Records provided:
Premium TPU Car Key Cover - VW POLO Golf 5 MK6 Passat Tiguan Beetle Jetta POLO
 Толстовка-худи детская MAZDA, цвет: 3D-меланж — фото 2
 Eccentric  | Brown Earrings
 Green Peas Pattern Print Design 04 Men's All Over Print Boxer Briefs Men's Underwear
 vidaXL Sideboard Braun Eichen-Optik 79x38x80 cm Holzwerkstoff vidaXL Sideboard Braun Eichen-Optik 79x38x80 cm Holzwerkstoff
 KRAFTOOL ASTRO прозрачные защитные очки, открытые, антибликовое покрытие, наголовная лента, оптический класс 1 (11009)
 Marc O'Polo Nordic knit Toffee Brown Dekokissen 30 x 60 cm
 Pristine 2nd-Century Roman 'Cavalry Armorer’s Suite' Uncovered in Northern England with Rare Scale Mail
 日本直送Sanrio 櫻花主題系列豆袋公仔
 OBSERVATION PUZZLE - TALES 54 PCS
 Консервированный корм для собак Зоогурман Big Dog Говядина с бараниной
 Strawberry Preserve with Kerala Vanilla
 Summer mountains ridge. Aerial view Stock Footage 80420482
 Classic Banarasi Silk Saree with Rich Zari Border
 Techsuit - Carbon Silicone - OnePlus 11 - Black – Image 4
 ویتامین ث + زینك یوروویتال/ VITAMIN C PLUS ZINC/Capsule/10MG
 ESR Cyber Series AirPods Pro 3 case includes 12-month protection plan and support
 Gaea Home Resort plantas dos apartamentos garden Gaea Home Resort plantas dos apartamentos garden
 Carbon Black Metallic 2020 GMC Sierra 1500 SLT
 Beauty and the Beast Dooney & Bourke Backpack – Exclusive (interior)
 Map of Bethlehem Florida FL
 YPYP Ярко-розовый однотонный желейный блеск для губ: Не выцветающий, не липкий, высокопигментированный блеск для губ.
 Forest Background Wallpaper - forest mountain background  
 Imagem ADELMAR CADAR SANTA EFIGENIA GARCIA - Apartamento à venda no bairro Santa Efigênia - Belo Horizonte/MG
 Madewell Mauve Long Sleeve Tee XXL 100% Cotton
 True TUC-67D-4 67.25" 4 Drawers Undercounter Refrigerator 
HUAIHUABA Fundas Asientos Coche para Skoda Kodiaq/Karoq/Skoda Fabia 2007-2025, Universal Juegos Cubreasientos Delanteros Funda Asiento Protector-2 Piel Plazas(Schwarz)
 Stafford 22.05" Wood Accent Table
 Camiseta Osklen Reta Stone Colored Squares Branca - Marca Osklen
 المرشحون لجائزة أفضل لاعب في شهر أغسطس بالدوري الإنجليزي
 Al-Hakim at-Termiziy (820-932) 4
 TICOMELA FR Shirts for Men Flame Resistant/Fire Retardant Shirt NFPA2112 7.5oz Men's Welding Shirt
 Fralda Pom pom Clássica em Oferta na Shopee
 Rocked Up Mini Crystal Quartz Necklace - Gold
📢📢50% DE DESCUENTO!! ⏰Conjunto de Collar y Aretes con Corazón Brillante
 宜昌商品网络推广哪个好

What to do: In the listing above, each line with the word "Carbon" is to be copied out.

Answer box:
 Techsuit - Carbon Silicone - OnePlus 11 - Black – Image 4
 Carbon Black Metallic 2020 GMC Sierra 1500 SLT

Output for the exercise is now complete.